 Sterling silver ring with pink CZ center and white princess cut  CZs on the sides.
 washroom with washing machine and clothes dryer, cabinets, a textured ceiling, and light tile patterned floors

_____

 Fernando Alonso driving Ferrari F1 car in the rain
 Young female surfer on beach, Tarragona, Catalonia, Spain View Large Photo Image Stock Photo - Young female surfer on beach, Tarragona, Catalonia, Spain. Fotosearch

_____

_What is needed_.
Everything in the material above from the line that has "Sterling silver ring" through the line that has "washroom with washing" must be duplicated exactly, with no other lines given.

_Task output_.
 Sterling silver ring with pink CZ center and white princess cut  CZs on the sides.
 washroom with washing machine and clothes dryer, cabinets, a textured ceiling, and light tile patterned floors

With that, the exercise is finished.